Source: Trading View, Orchid Research
GLDM is down a little bit more than 1% since the start of July after recording in June its largest monthly gain since the fund launched last year.
Although GLDM has faced some resistance at $14.50/share in recent days, the daily momentum is still positive, the ADX is above 21, and the 20-day moving average remains positively sloped. This confirms that the current trend in motion is strong and sustainable.
We see solid support levels at the 20-day moving average ($13.77) and the February high ($13.45). Any dips should, therefore, be eagerly bought.
We maintain our July target for GLD at $14.55/share, representing an 8% appreciation from its current level ($13.90).
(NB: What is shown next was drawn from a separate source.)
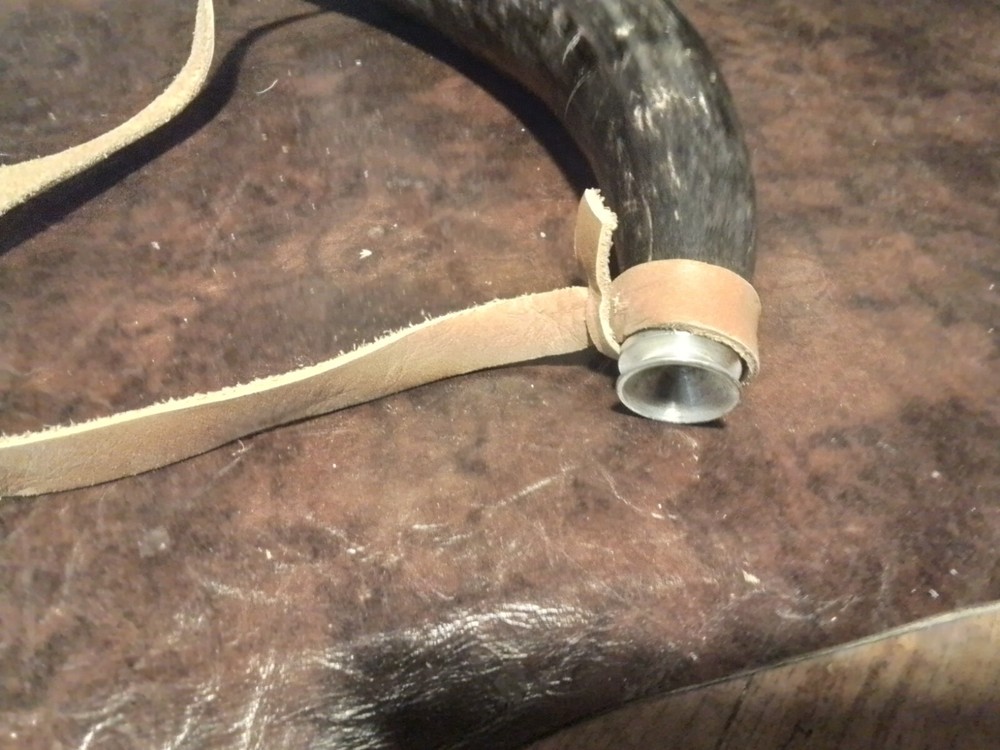 AUTHENTIC 11" LARGE BLACK POWDER HORN FUNCTIONAL OR DECORATION CORD STRAP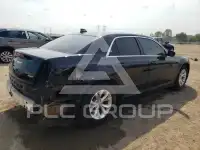 2016 Chrysler 300 photo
Despite a weak start to July driven by less Fed dovish expectations after the stronger-than-expected US jobs report for June, we remain constructive on gold in the course of July. Although the dollar has moved strongly higher after the June jobs report, gold has proven resilient. This reinforces our thesis according to which the yellow metal has entered a bullish regime in which bullish news flow is more impactful than bearish news flow. As we expect stronger monetary demand for gold in the coming months, we see gold trading higher.
We maintain our GLDM target of $14.55 per share in July, representing an 8% appreciation from its current level.
Disclosure: I/we have no positions in any stocks mentioned, and no plans to initiate any positions within the next 72 hours. I wrote this article myself, and it expresses my own opinions. I am not receiving compensation for it (other than from Seeking Alpha). I have no business relationship with any company whose stock is mentioned in this article.
Additional disclosure: Our research has not been prepared in accordance with the legal requirements designed to promote the independence of investment research. Therefore, this material cannot be considered as investment research, a research recommendation, nor a personal recommendation or advice, for regulatory purposes.